Son titre, en revanche, circule abondamment : la formule anglaise étant idiomatique, elle a servi et sert encore de titre à des films, des romans, des séries et des chansons sans aucun rapport. Cette homonymie brouille considérablement les recherches en ligne et constitue, pour qui travaille le référencement du sujet, une difficulté réelle et durable.


Guide d’écoute

Voici une manière méthodique d’écouter le morceau, au casque et de préférence sur le remaster stéréo de 2009 ou une réédition vinyle récente.

Ce qu’il faut écouter en premier

Le grattage acoustique de Lennon. Il est le moteur du morceau. Concentrez-vous sur sa régularité un peu rigide et sur l’attaque très marquée du médiator sur la J-160E. C’est un jeu de rythmicien de scène, pas de studio.

La figure d’introduction de Harrison. Les accords glissés qui ouvrent le morceau installent en trois secondes toute l’ambiguïté du disque : c’est brillant, c’est joyeux, et cela ne prévient de rien.

L’écho sur la voix. Isolez mentalement la queue de chaque phrase chantée par Lennon. Vous entendrez la répétition unique, très courte, qui donne à sa voix cette qualité de disque de 1956.

Ce qu’on entend au deuxième passage

Le tambourin. Une fois repéré, il devient impossible à ignorer, et c’est là que le malaise s’installe pour de bon.

Les harmonies vocales du refrain. Repérez le moment exact où McCartney et Harrison entrent. Notez qu’ils entrent sur la menace, pas sur l’aveu.

La bascule harmonique. Entre le refrain et le couplet, l’assombrissement est net. Essayez de sentir le moment où la couleur change ; il coïncide avec l’entrée de l’aveu textuel.

Ce qu’on entend au troisième passage

La discrétion de la basse. McCartney fait le minimum. C’est audible une fois qu’on le cherche, et cela en dit long sur l’investissement du groupe dans ce titre.

Le solo. Court, articulé, sans virtuosité démonstrative. Écoutez le phrasé : ce sont des tournures de Carl Perkins, transposées par un jeune homme de Liverpool qui les a apprises sur disque avant de les rejouer mille fois à Hambourg.

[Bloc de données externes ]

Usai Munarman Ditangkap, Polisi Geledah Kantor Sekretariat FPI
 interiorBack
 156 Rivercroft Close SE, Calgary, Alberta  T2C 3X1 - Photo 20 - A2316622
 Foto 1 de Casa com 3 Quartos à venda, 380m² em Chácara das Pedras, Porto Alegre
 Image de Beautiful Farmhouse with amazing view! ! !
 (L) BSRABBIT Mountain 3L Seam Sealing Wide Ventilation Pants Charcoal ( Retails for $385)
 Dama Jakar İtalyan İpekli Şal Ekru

Le fondu final. La chanson ne se termine pas ; elle s’éloigne. Le narrateur continue à répéter son avertissement quand la bande s’efface. C’est probablement le seul moment du morceau où la production produit du sens.


Chronologie

Date Événement
1951 Eddy Arnold publie « I Wanna Play House with You », succès country.
1954 Arthur Gunter enregistre et publie « Baby Let’s Play House » chez Excello, en réponse au titre d’Arnold. La ligne qui deviendra célèbre y figure.
1955 Elvis Presley enregistre sa version pour Sun Records à Memphis, avec Scotty Moore et Bill Black. Le single devient son premier disque à entrer dans un classement national américain.
1957-1962 John Lennon et les futurs Beatles absorbent le répertoire Sun. Le rockabilly d’Elvis, Carl Perkins et Gene Vincent constitue le socle de leur formation, à Liverpool puis à Hambourg.
27 août 1965 Les Beatles rencontrent Elvis Presley chez lui, à Bel Air. Rencontre unique, brève et décevante.
Septembre 1965 Retour à Londres. Pression d’EMI pour livrer un album avant Noël.
12 octobre 1965, 14 h 30-19 h Studio Two, Abbey Road : première séance de Rubber Soul. « Run for Your Life » est enregistrée en cinq prises. Production George Martin, prise de son Norman Smith.
12 octobre 1965, en soirée Même studio : première tentative sur « Norwegian Wood (This Bird Has Flown) », qui sera entièrement refaite le 21 octobre.
Octobre-novembre 1965 Suite des séances : « In My Life », « Michelle », « Girl », « Nowhere Man », « Drive My Car », « If I Needed Someone ». Mixages mono et stéréo.
11 novembre 1965 Fin des séances de Rubber Soul, dans l’urgence, pour tenir la date de sortie.
3 décembre 1965 Sortie britannique de Rubber Soul (Parlophone). « Run for Your Life » clôt la face 2.
6 décembre 1965 Sortie américaine de Rubber Soul (Capitol), dans une configuration remaniée. Le titre y conserve sa position finale.
1966 Nancy Sinatra reprend le morceau sur l’album Boots, produit par Lee Hazlewood.
1966 Tournée mondiale des Beatles : seuls « Nowhere Man » et « If I Needed Someone » sont retenus de Rubber Soul.
1972 Dans Hit Parader, Lennon désigne « Run for Your Life » comme sa chanson la moins aimée et reconnaît l’emprunt à Presley.
1976 Mort d’Arthur Gunter, à cinquante ans, dans une obscurité quasi totale.
Septembre 1980 Entretien avec David Sheff pour Playboy : Lennon réaffirme qu’il a toujours détesté ce morceau.
8 décembre 1980 Mort de John Lennon à New York.
1988 The Complete Beatles Recording Sessions de Mark Lewisohn établit publiquement la chronologie exacte des séances d’Abbey Road.
2009 Remasterisation numérique du catalogue Beatles, en stéréo et en mono.
Années 2010-2020 Réévaluation critique du morceau à la lumière des débats sur la violence conjugale et la misogynie dans la musique populaire.

Questions fréquentes

Quand « Run for Your Life » a-t-elle été enregistrée ?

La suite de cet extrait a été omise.